Over the last eight decades, The Wizard of Oz, has become one of the most quotable and iconic family movies in the world. Earlier this year, it came back to theaters and families across the country got to experience the magic on the big screen again. 

Buy It: The Wizard of Oz DVD, $5.86, Amazon

But for as popular as The Wizard of Oz is, there are likely several things you never knew about the film. To celebrate its 80th anniversary this August, we’ve rounded up a few of the most surprising facts about the making of this classic movie. 

Image courtesy of Getty.

The Ruby Slippers Were Originally Silver

In Frank L. Baum’s book The Wonderful Wizard of Oz, Dorothy’s shoes were silver. The idea for the sparkly ruby slippers didn’t actually come from the book at all—rather, the color was changed by the film’s executives because technicolor was new and they thought red shoes would stand out more than silver. 

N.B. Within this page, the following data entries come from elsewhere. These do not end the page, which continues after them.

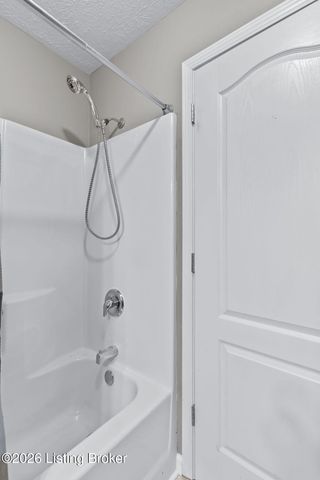 514 Hill Terrace Dr, Mt Washington, KY 40047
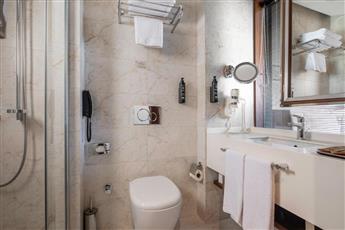 Grand Harilton Hotel 5*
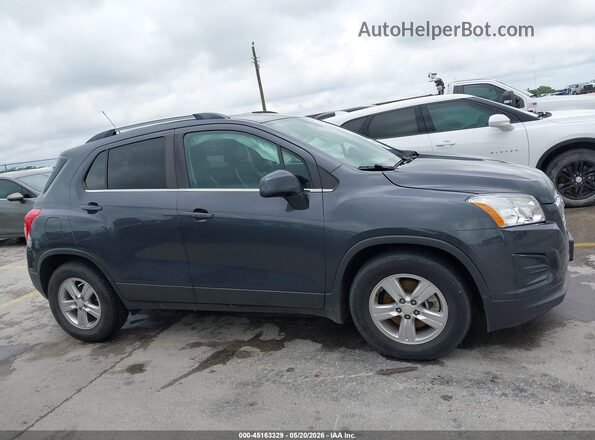 3GNCJLSB3GL270967 2016 CHEVROLET TRAX Gray Rear interior view
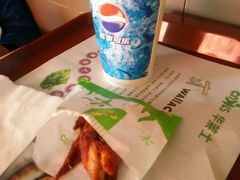 -华莱士·全鸡汉堡(光华路店)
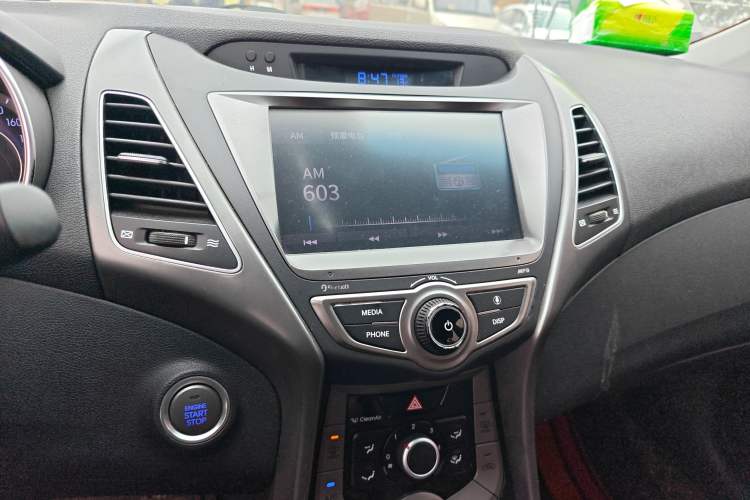 Used Hyundai Elantra (5th Generation / Langdong) 2016 1.6L Automatic Prestige Model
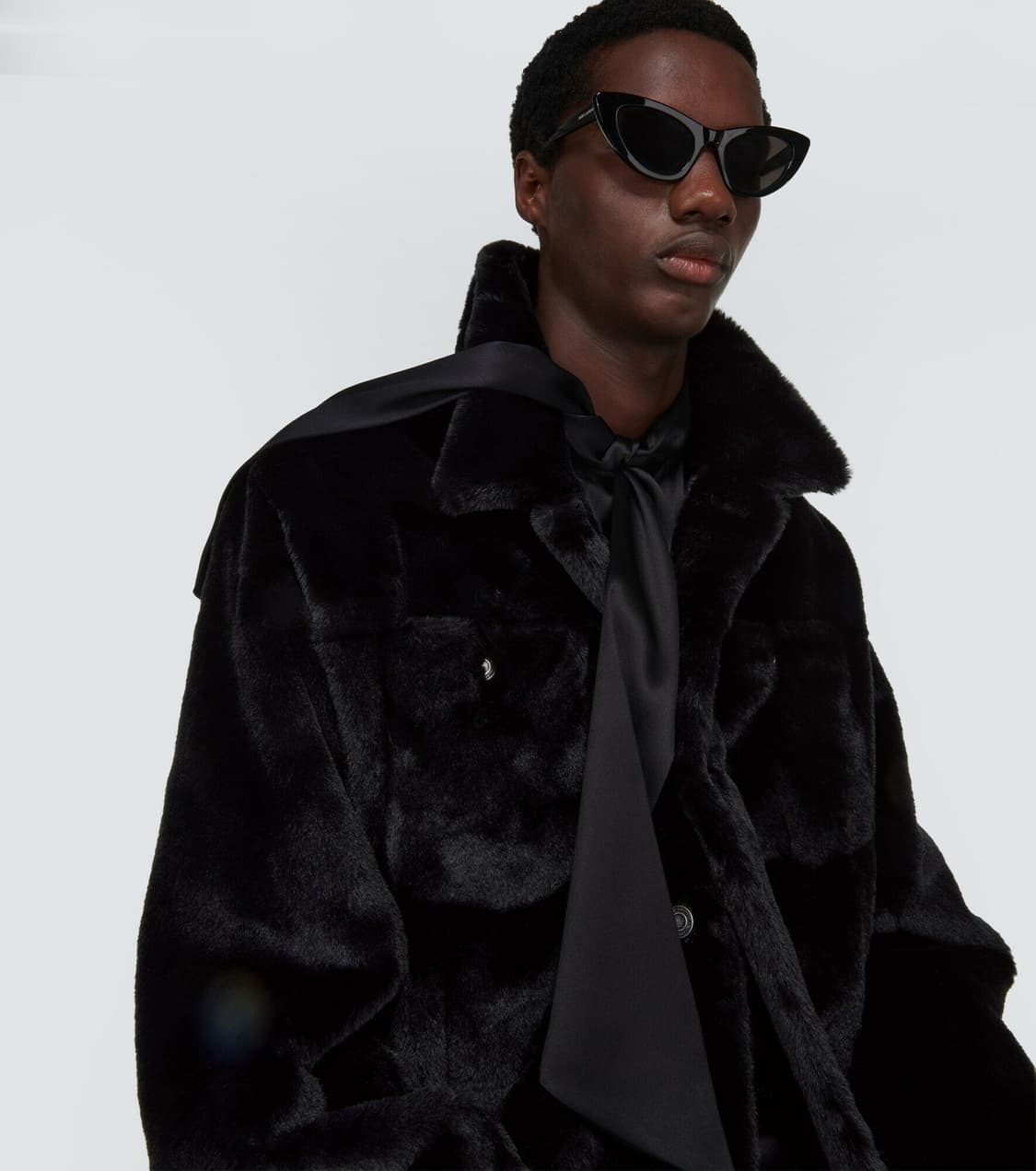 [차은우님 착용] 생로랑 22AW 퍼 트리밍 자켓 상품이미지2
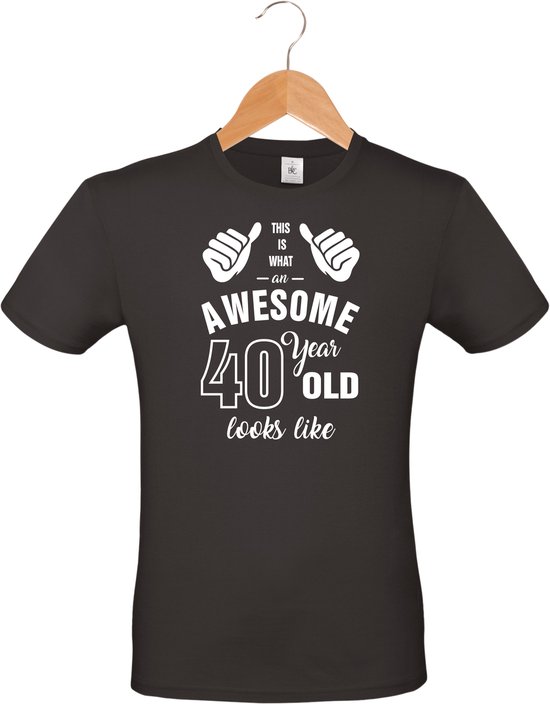 Awesome 40 year - 40 jaar cadeau - unisex T-shirt - verjaardag - zwart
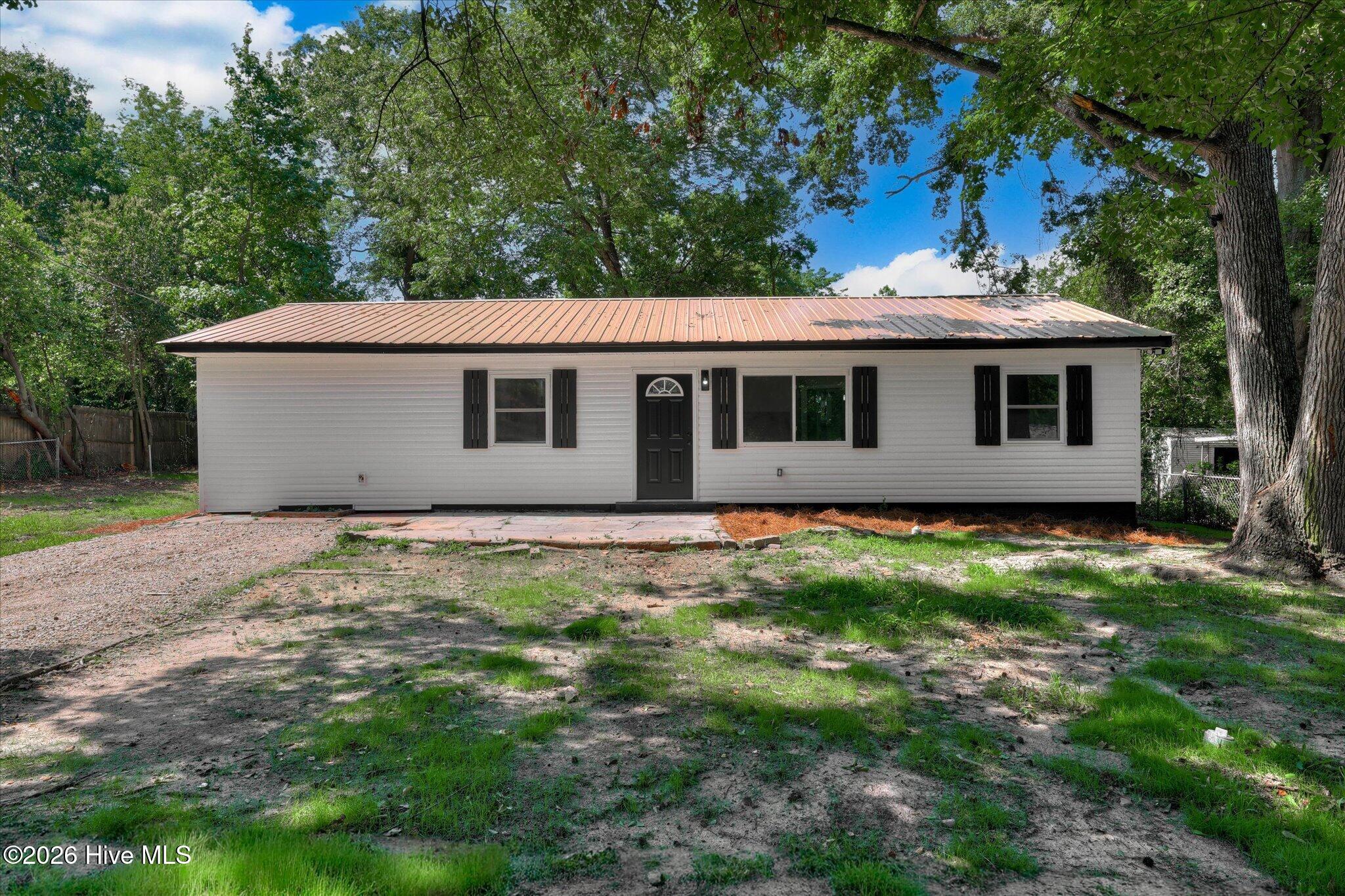 1704 Susan Circle Property Photo 1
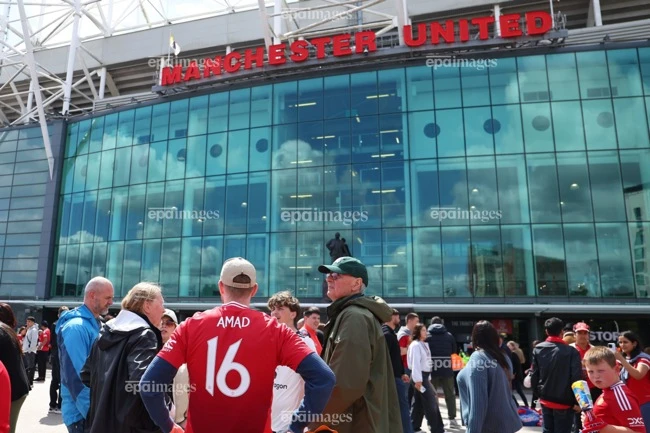 clb-manchester-united-lai-doi-dien-nguy-co-bi-ban (5).jpg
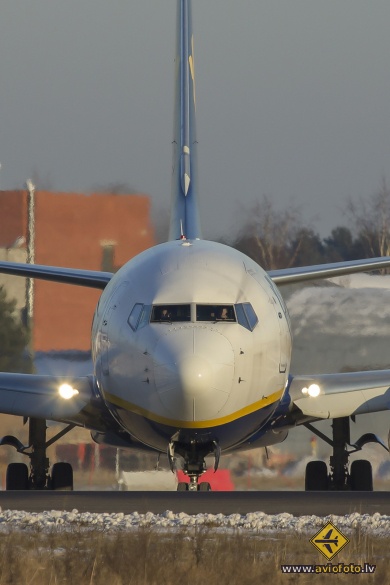 Boeing 737-8AS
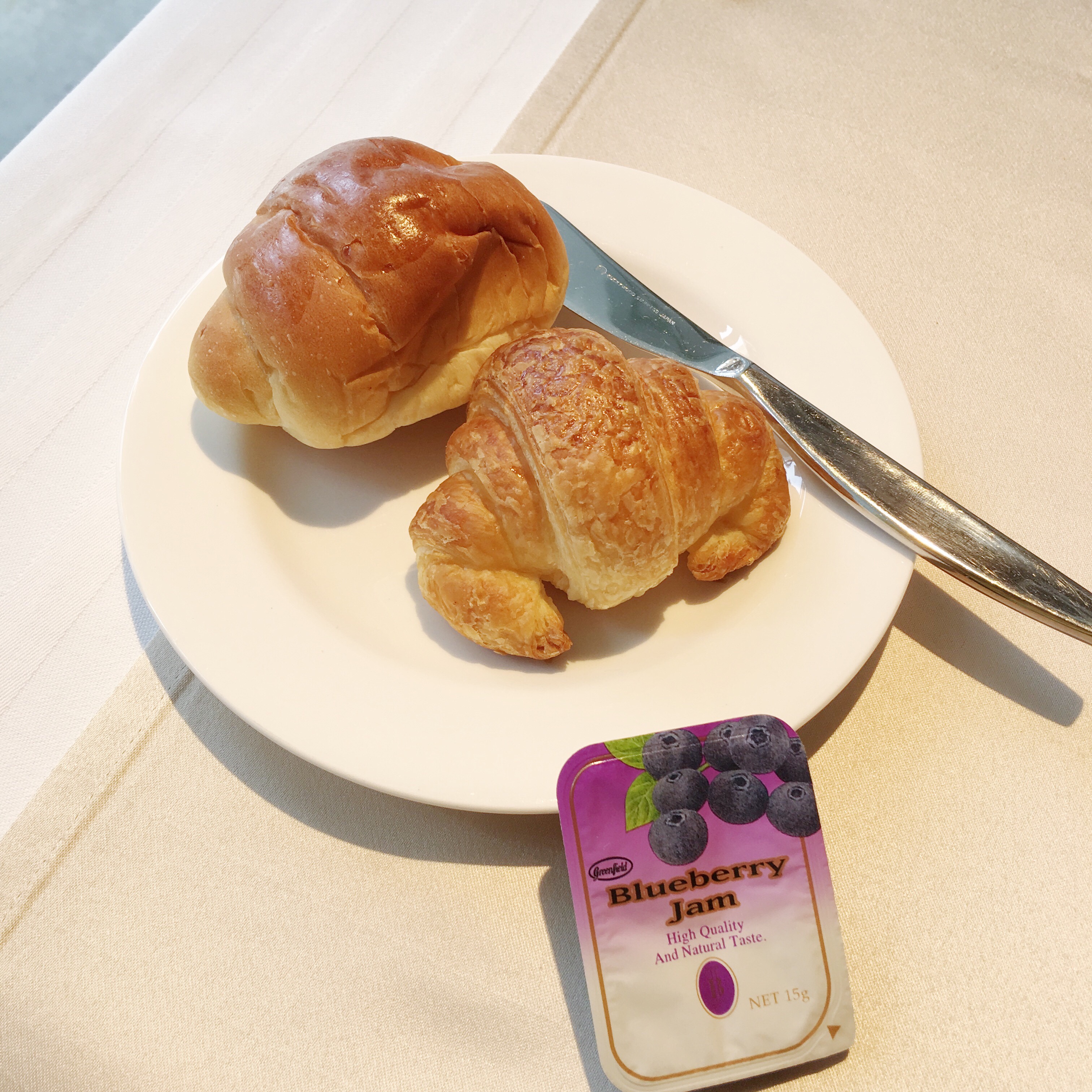 ONE@Tokyo Lobbycafeのパン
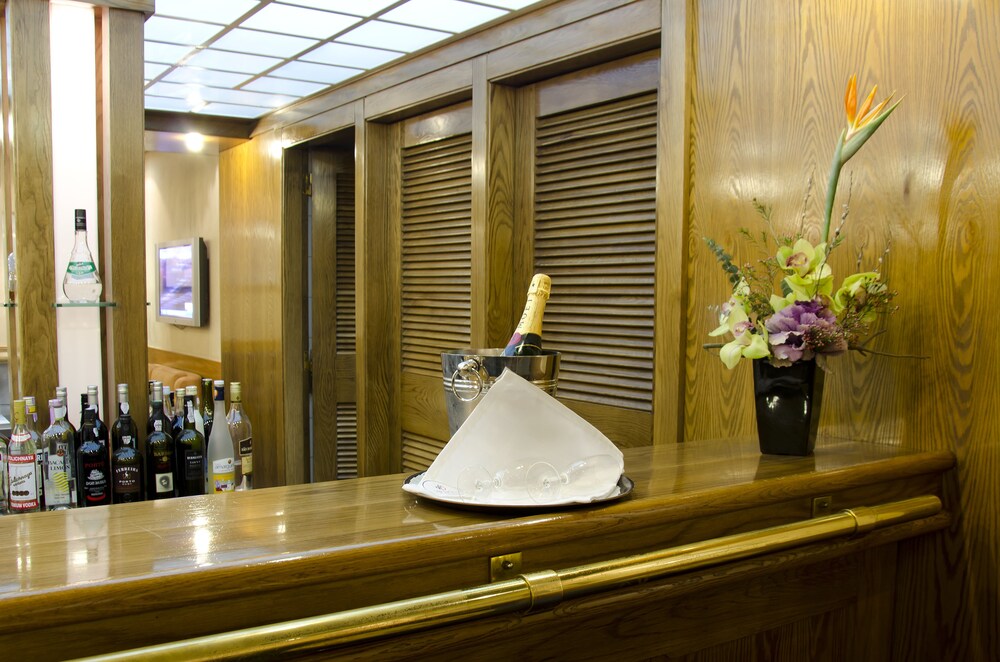 Hotel Bar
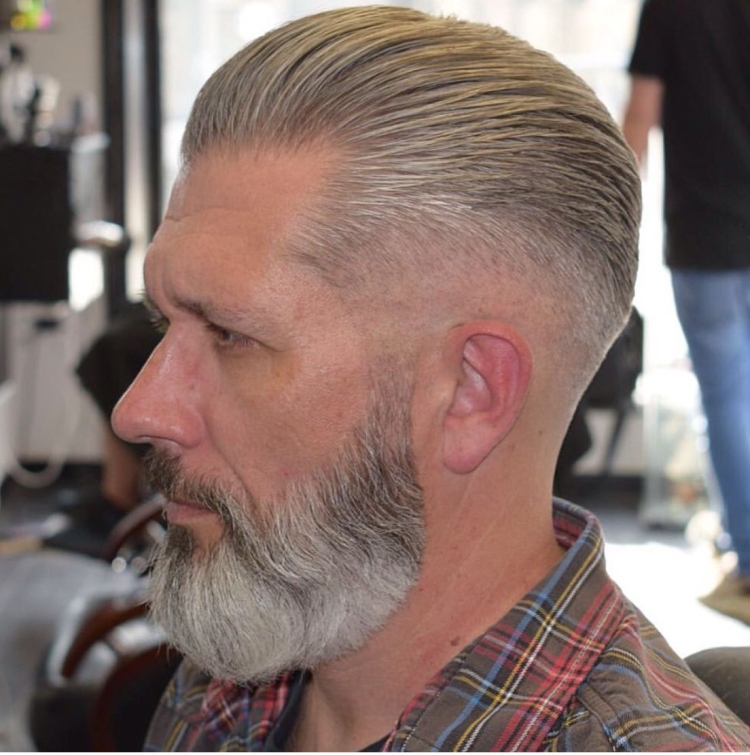 Стрижка сликбэк мужская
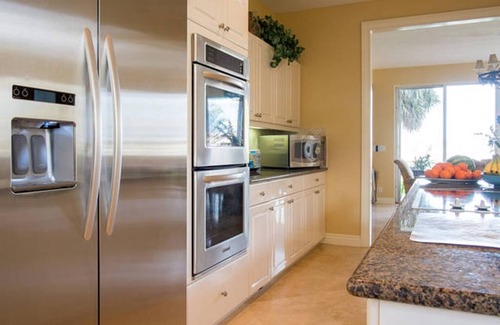 Lantana House | Stunning Intracoastal Beach Home w/Boat Dock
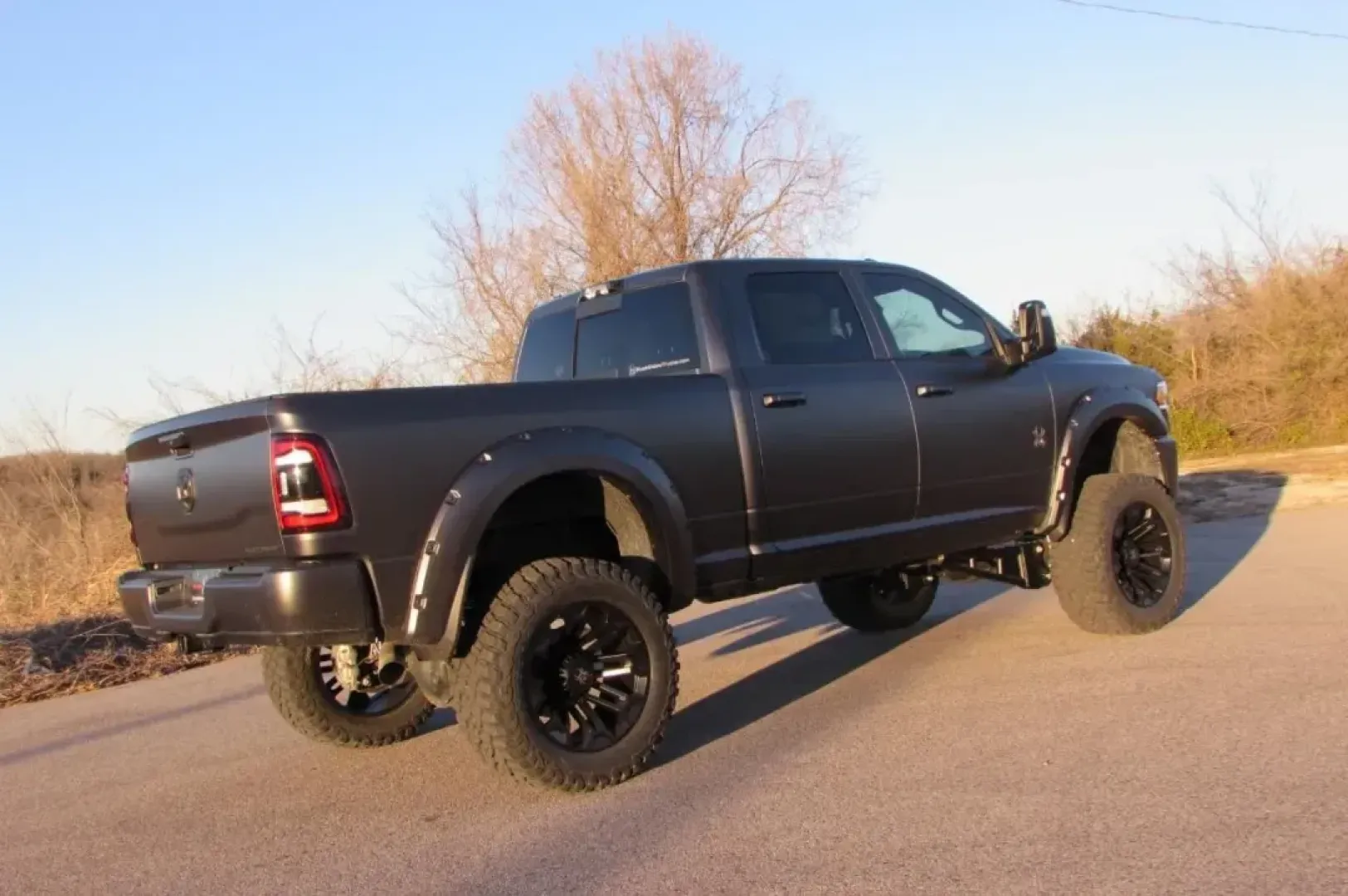 2024 /Black Leather Ram 3500 Laramie (3C63R3EL9RG) with an Other engine, located at 12830 Highway 21, De Soto, MO, 63020, (636) 337-7777, 38.153099, -90.573624 - **Unleash Your Adventurous Spirit with the 2024 Ram 3500 Laramie The Ultimate Truck for Every Journey!**<br /> <br /> Are you ready to elevate your driving experience? The 2024 Ram 3500 Laramie is designed for those who crave power, comfort, and versatility. Whether you're hauling heavy loads for w - Photo#5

More Than 100 Dogs Auditioned for Toto

More than 100 dogs auditioned for the now-iconic canine role, but it was eventually given to a black Cairn Terrier named Terry. The dog was referred to as Toto so often during filming, her owners decided to change her name after the movie wrapped to avoid confusing her. She even got to attend the world premiere of the film in 1939!

The Wicked Witch was a Kindergarten Teacher

Before filming the movie, actress Margaret Hamilton worked as a kindergarten teacher. She later appeared on Mister Roger's Neighborhood to teach kids that her scary role was just make-believe. For the show, she put the costume and makeup on so kids could see she was just a normal person.

“Over the Rainbow” Almost Didn’t Make the Film

The iconic song “Over the Rainbow” was almost cut from the film not once, but twice. Producers reportedly wanted to keep the film to just 100 minutes, and thought the song was too long.

The Ruby Slippers Are Worth $1 Million

Four pair of ruby slippers were used during filming, and they’re worth an awful lot today. One pair sold for $666,000 at an auction in 2000, but a second pair was stolen from the Judy Garland Museum in Grand Rapids, MN (Garland's birthplace) in 2005, and a $1 million reward was promised to anyone who returned the shoes safely. That pair was recovered by the FBI in 2018, although authorities declined to say whether any amount of money was involved. 

The Tin Man Cried Chocolate Syrup

When the producers figured out machine oil didn't look great on film, they swapped it out for chocolate syrup. In The Wizardry of Oz, by Jay Scarfone and William Stillman, Jack Haley is quoted saying, “They squirted chocolate in my face, because the oil wouldn’t photograph right, but chocolate will.” 

Dorothy Was Almost Blonde

During the first two weeks of filming, Judy Garland wore a blonde wig. Ultimately, the studio executives decided they wanted a brunette Dorothy instead, so Judy Garland’s natural hair was dyed an auburn color for the film. The original blonde wig sold for $14,000 last July. 

Toto Made $125 Per Week

Toto, also known as Terry the terrier, was paid $125 a week, while the Munchkins were each paid $50 a week. Since filming lasted 26 weeks, that adds up to $3,250 for the canine star—that would be more than $58,000 in today's money! Terry was so popular in this film, she went on to appear in 16 other movies.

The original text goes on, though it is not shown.